Si dirà: ma loro, adesso si proclamano innocenti. Vero: dopo aver confessato l’efferato crimine in modo dettagliatissimo, movente compreso, ed essere stati riconosciuti dall’unico sopravvissuto alla strage, hanno ritrattato facendosi scudo della mozione degli affetti: «Abbiamo ammesso responsabilità non nostre perché ci hanno assicurato che così avremmo potuto rivederci: non riusciamo a stare l’uno lontana dall’altro». Credibile? Per quanto si è letto della vicenda, non molto. Ma non si può certo escludere che in Italia si possano fare errori giudiziari anche clamorosi. Figuriamoci.
Tuttavia non è questo il punto. Se fossero innocenti, ci si dovrebbe battere per farli uscire dal carcere, non per trasformare una cella nella loro alcova.

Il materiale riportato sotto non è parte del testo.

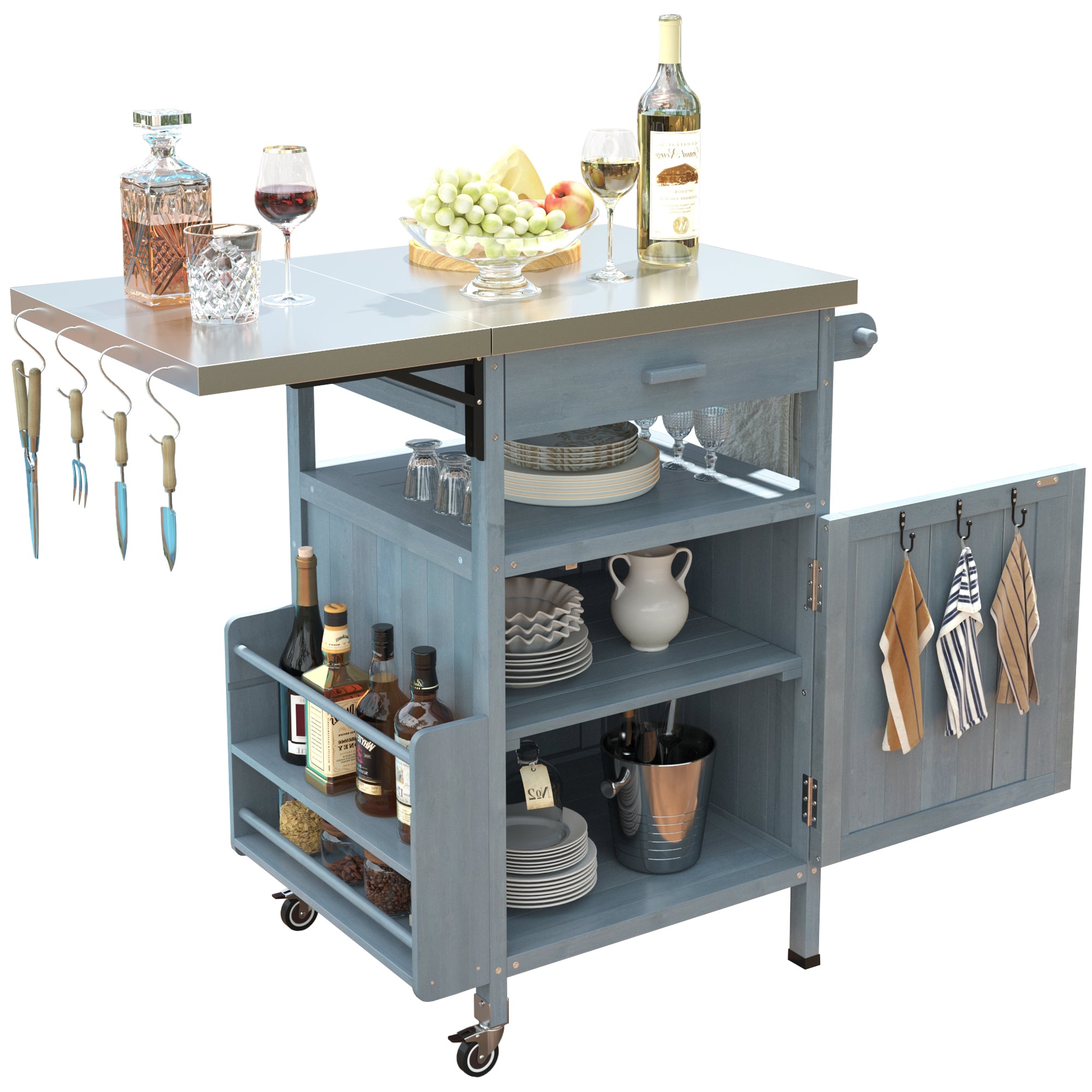 Arezzo gray blue kitchen cart showing full product view on white background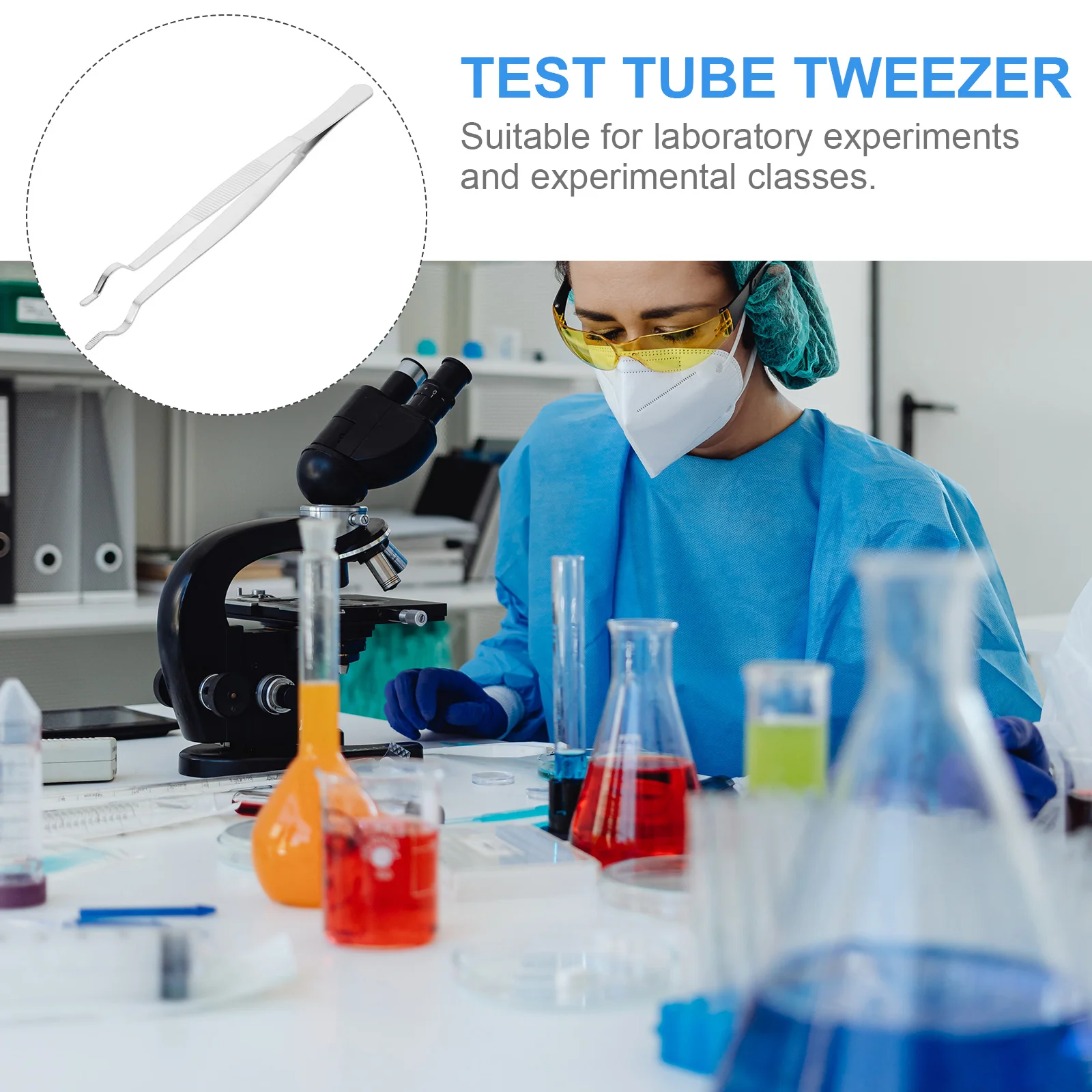 Зажим для пробирок Держатель испытаний экспериментов Заостренный пинцет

Se invece sono colpevoli, come ha stabilito per il momento la giustizia, non si vede perché debbano godere di un trattamento particolare. Si vedranno, come tutti i carcerati, nei modi e nei tempi previsti dal regolamento.

Troppo poco per la loro passione? Beh, se vi spunta una lacrima, pensate al piccolo Youssef, che di passioni non potrà mai averne: forse scoprirete che anche a Natale ci si può sentire un po’ meno buoni. E magari è giusto così.